Nella sala che ospita i sei quadri di Caravaggio della Galleria Borghese è collocato, di Reni, “Lot e le figlie”, prestito eccezionale della National Gallery di Londra: nella scelta compositiva delle mezze figure avvolte dal buio e con al centro il vecchio, il bolognese si collega all’attiguo “San Girolamo” dimostrando di aver assorbito senza farsi schiacciare la lezione del Merisi.
La danza campestre attende i visitatori al piano superiore: il paesaggio, sotto un cielo turchino, accerchia i cavalieri e le dame seduti intorno, mentre due di loro cominciano il leggiadro ballo.
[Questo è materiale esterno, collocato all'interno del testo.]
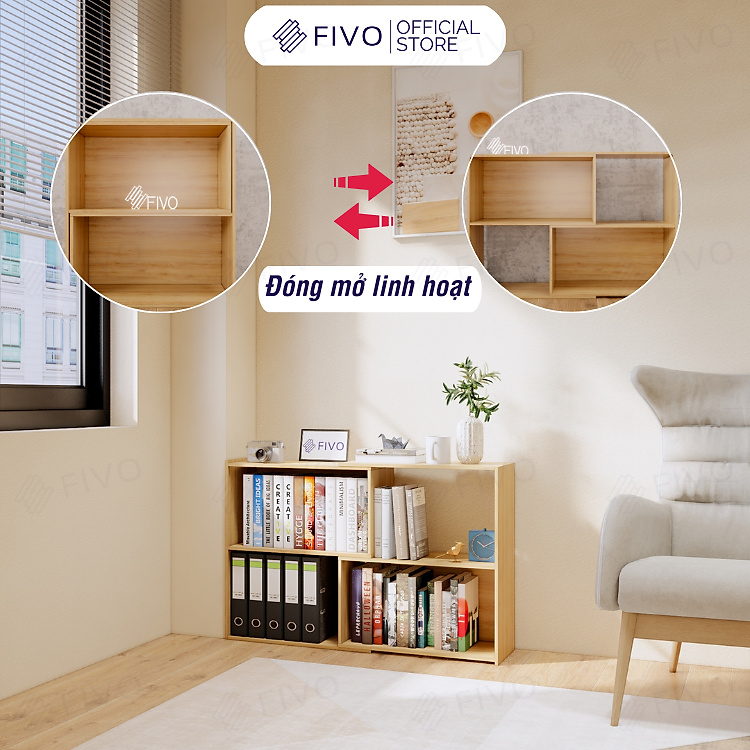 Kệ Sách Gỗ Thông Minh Để Sàn FIVO FB71 Ngang 110cm, Với Tính Năng 2IN1 Đóng Mở Tùy Thích,Sang Trọng Thích Hợp Nhiều Không Gian, Nhiều Ngăn Chứa Đồ Rộng Rãi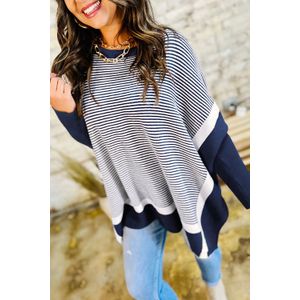 Gestreepte Poncho Met Lange Mouwen Trui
Occhieggiano, di fronte, quattro scene campestri di Francesco Albani, dedicate con dei e amorini alle quattro stagioni. Si dà anche conto del Guido Reni di piccolo formato, attraverso tre olii su rame provenienti dal Prado di Madrid. Dell’influsso dei fiamminghi (tale fu il suo primo maestro) dicono due minuscoli paesaggi, uno marino l’altro con le rovine di Tivoli, di Paul Bril. L’altro maestro, Agostino Carracci, declina a modo suo una festa in campagna. Del resto, la più grande esaltazione della Natura da parte di Reni è nell’affresco dell’Aurora di Palazzo Rospigliosi, committente il solito Scipione Borghese: la protagonista accanto al carro del Sole guidato da Apollo avanza su un tappeto di nuvole e reca la luce su un panorama di valle e monti. Alla mostra si affianca, partendo dal Casino dell’Aurora, una guida ai luoghi romani del bolognese, dalla Cappella dell’Annunciata al Quirinale alla Cappella Paolina in Santa Maria Maggiore, alla pala della Trinità nella chiesa dei Pellegrini.